He described the AACM's mission, and his own, in strikingly dramatic terms. The new black avant-garde, he said, was "the stranded particle, the isolated island of the whole", at war with, but also to some degree still dependent on, the confused normality of the mainstream political and cultural system. It was this vision that fuelled his work.

McIntyre was born into a well-educated family in Clarksville, Arkansas, in 1936 and was raised in Chicago, where he attended Roosevelt University. He took up the saxophone in childhood but seems to have set it aside for a time.

He was jailed for drug offences and served his sentence in Lexington, Kentucky, alongside the pianist and composer Tadd Dameron, a major figure in bebop. On his release McIntyre made contact with the tutelary co-founder of AACM, Muhal Richard Abrams, and began to experiment with a form of jazz that was always at least part-ritual. His record Humility In The Light of the Creator was released on the Delmark label in 1969, followed by the fine Forces and Blessings. He adopted the name Kalaparush Ahra Difda, but later reverted an extended version of his birth name. He worked at Karl Berger's Creative Music Studio for a time in the 1970s, recording further material for the European Black Saint label, but it was as a teacher, guru and community-based musician that McIntyre made his greatest impact.

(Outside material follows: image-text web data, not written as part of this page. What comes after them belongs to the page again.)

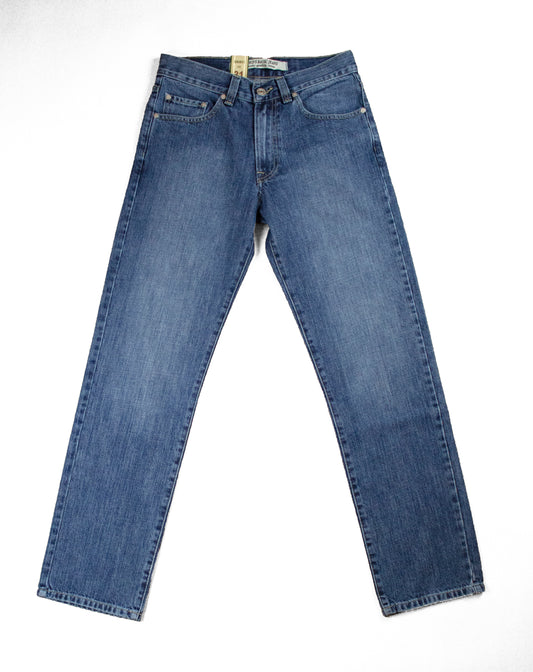 Edward's EE04 Jeans Recto Hombre Mezclilla Azul medio Desgastado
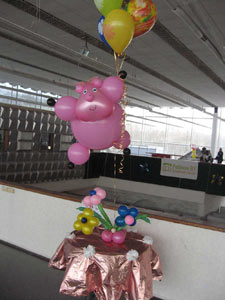 хрюша из шаров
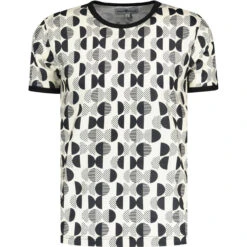 Eclipse Retro Abstract Circle Tee -Trendify Shop madcapeng eclipse tshirt bw front 34677.1678186535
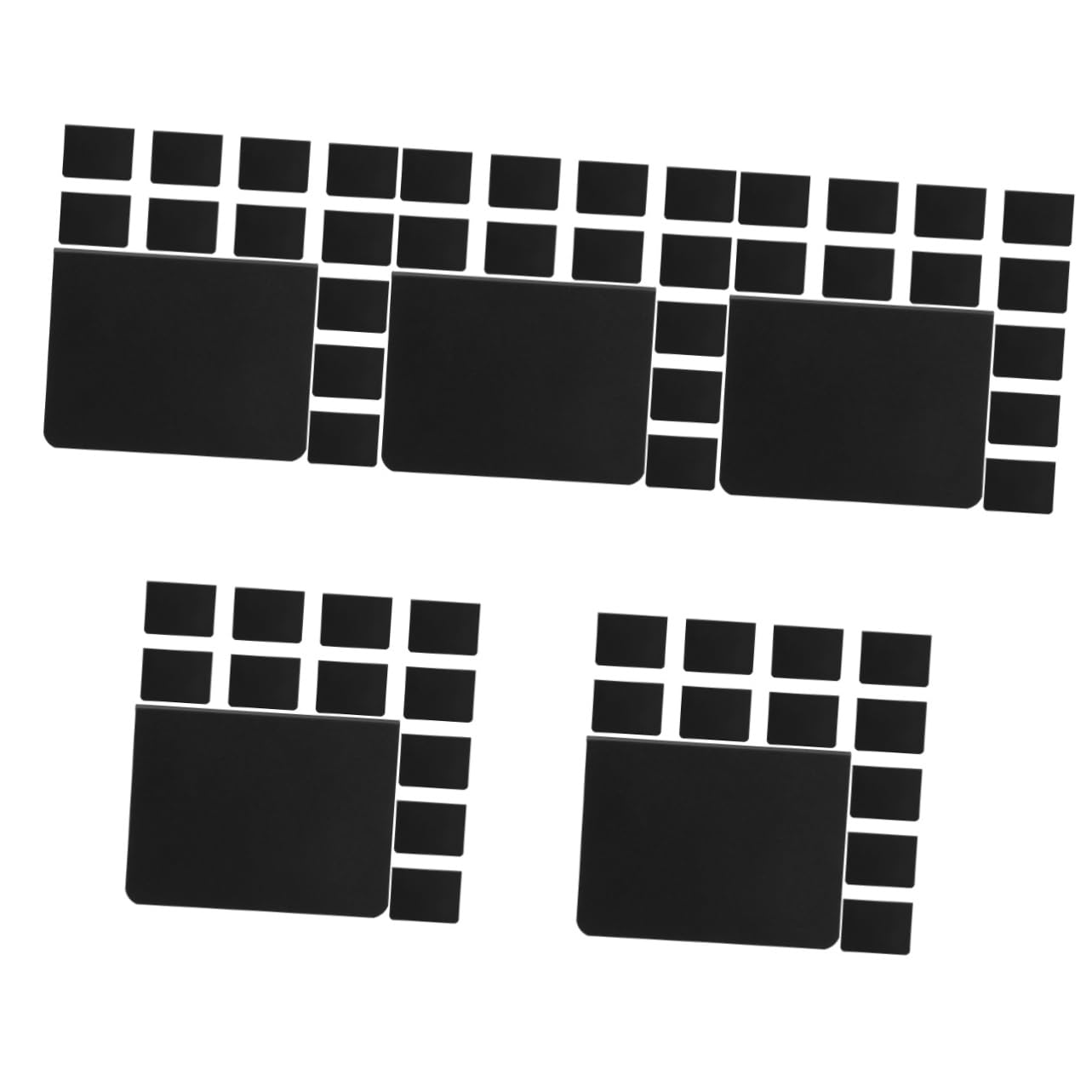 Operitacx 5 Ensembles Étiquette De Supermarché Panneau De Liège Grand Tableau Planche Marqueur Pierre Bordage Ardoise De Table Mini Tableaux Noirs Petit Tableau Noir Pvc Black 12 Pièces * 5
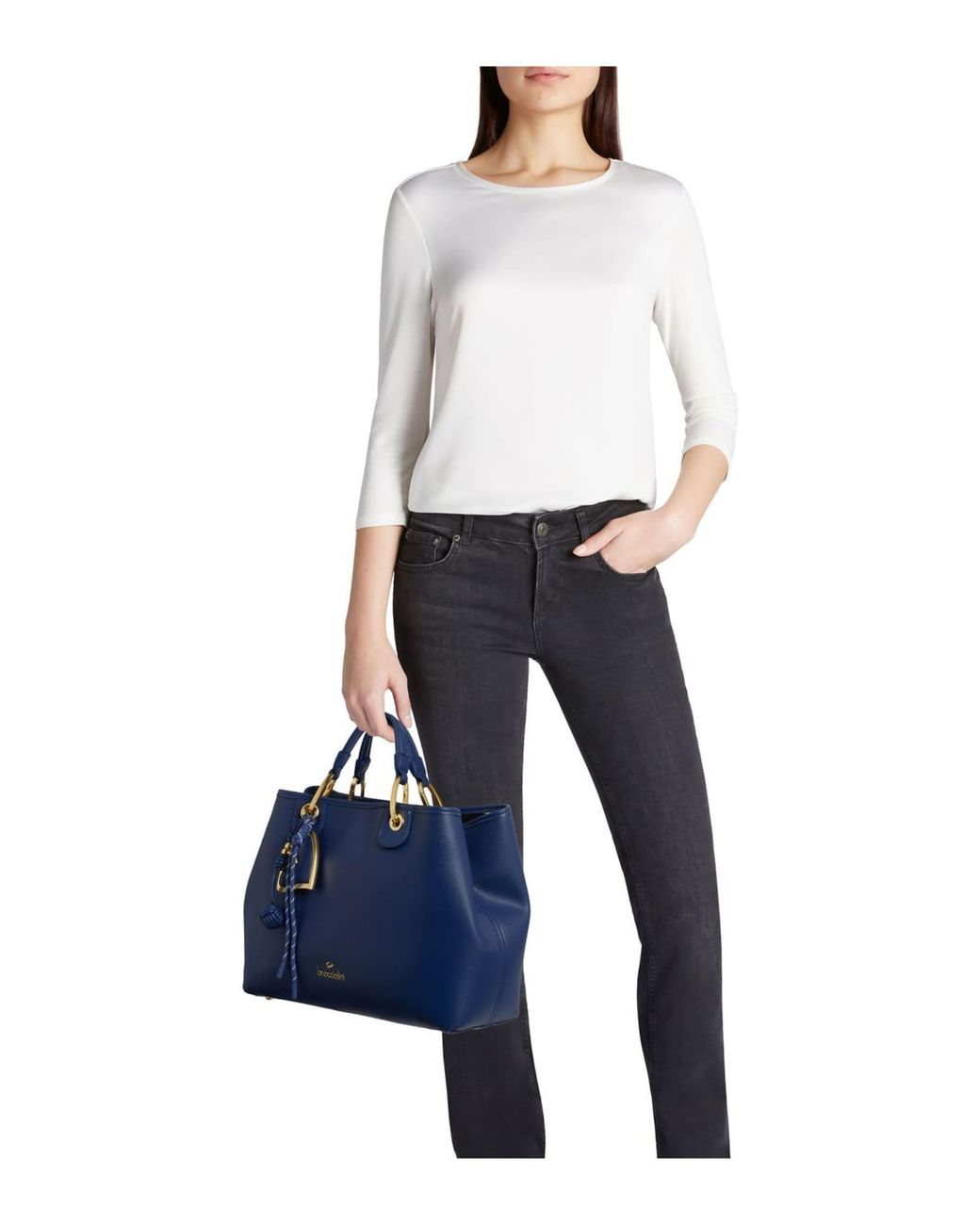 Braccialini Blue Handtasche Beth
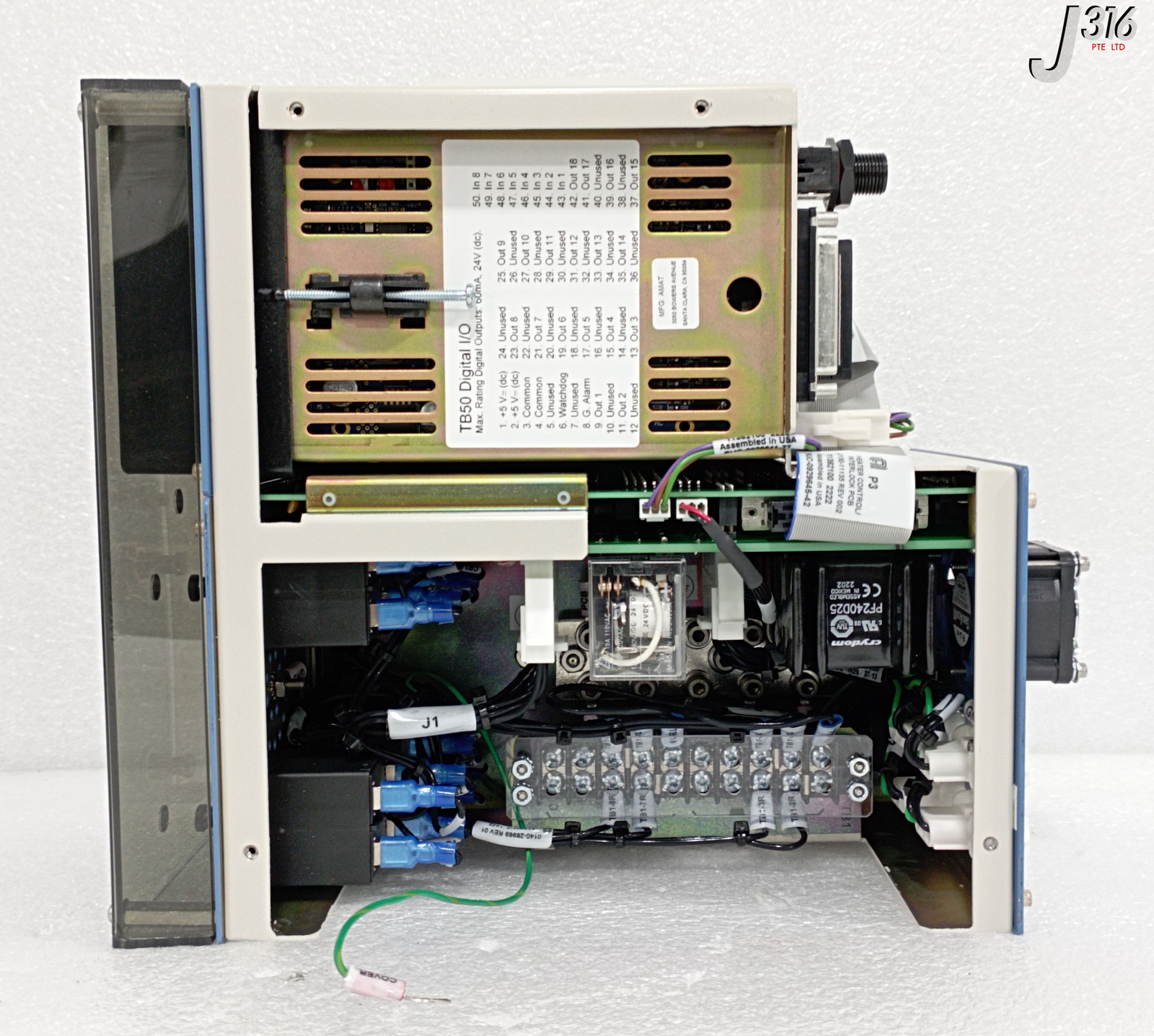 33461 APPLIED MATERIALS GASLINE HEATER CONTROL UNIT, VAS104350-1031 ...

Intermittent drug use harmed his career, but McIntyre returned strongly in the first decade of the new century with further explorations that combined avant-garde saxophone playing and roots music. Some of his later work demands a sympathetic ear to extract much pleasure, but McIntyre was not primarily interested in the commodification of music as entertainment. Recent sightings had him working as a street musician, preparing new material in the midst of the community, which is where he felt most comfortable. He is survived by his partner Antoinette Bell, by his children, grandchildren and great-grandchildren.

BRIAN MORTON

Maurice Benford McIntyre (Kalaparush Ahrah Difda and Kalaparusha Maurice McIntyre), saxophonist and composer: born Clarksville, Arkansas 24 March 1936; partner to Antoinette Bell (one daughter); died Bronx, New York 9 November 2013.